▸ Assignment:
Keeping each word and mark in place, write out the full listing once more.
── Records for this task ──
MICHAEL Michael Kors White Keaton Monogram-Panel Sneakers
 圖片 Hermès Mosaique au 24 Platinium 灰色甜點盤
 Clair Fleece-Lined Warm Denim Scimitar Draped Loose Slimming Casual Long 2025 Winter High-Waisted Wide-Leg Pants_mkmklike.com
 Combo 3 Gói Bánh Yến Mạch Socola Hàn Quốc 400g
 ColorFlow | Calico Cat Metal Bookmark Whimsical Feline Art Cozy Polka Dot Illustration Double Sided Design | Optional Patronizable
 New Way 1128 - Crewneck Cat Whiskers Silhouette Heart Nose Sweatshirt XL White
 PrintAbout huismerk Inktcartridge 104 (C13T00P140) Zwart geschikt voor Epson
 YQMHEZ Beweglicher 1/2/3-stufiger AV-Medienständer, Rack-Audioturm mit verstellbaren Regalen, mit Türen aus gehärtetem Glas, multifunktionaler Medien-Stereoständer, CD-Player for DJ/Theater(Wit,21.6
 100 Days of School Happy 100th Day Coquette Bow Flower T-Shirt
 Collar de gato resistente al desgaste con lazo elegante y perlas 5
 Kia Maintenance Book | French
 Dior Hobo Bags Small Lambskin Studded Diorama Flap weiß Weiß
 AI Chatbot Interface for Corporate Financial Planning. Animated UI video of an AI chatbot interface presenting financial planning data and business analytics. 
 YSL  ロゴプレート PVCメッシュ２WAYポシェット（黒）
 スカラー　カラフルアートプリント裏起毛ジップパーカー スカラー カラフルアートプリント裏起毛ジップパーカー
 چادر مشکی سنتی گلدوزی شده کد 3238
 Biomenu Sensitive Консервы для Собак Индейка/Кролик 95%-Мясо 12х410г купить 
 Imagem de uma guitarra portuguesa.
───
▸ Problem solution:
MICHAEL Michael Kors White Keaton Monogram-Panel Sneakers
 圖片 Hermès Mosaique au 24 Platinium 灰色甜點盤
 Clair Fleece-Lined Warm Denim Scimitar Draped Loose Slimming Casual Long 2025 Winter High-Waisted Wide-Leg Pants_mkmklike.com
 Combo 3 Gói Bánh Yến Mạch Socola Hàn Quốc 400g
 ColorFlow | Calico Cat Metal Bookmark Whimsical Feline Art Cozy Polka Dot Illustration Double Sided Design | Optional Patronizable
 New Way 1128 - Crewneck Cat Whiskers Silhouette Heart Nose Sweatshirt XL White
 PrintAbout huismerk Inktcartridge 104 (C13T00P140) Zwart geschikt voor Epson
 YQMHEZ Beweglicher 1/2/3-stufiger AV-Medienständer, Rack-Audioturm mit verstellbaren Regalen, mit Türen aus gehärtetem Glas, multifunktionaler Medien-Stereoständer, CD-Player for DJ/Theater(Wit,21.6
 100 Days of School Happy 100th Day Coquette Bow Flower T-Shirt
 Collar de gato resistente al desgaste con lazo elegante y perlas 5
 Kia Maintenance Book | French
 Dior Hobo Bags Small Lambskin Studded Diorama Flap weiß Weiß
 AI Chatbot Interface for Corporate Financial Planning. Animated UI video of an AI chatbot interface presenting financial planning data and business analytics. 
 YSL  ロゴプレート PVCメッシュ２WAYポシェット（黒）
 スカラー　カラフルアートプリント裏起毛ジップパーカー スカラー カラフルアートプリント裏起毛ジップパーカー
 چادر مشکی سنتی گلدوزی شده کد 3238
 Biomenu Sensitive Консервы для Собак Индейка/Кролик 95%-Мясо 12х410г купить 
 Imagem de uma guitarra portuguesa.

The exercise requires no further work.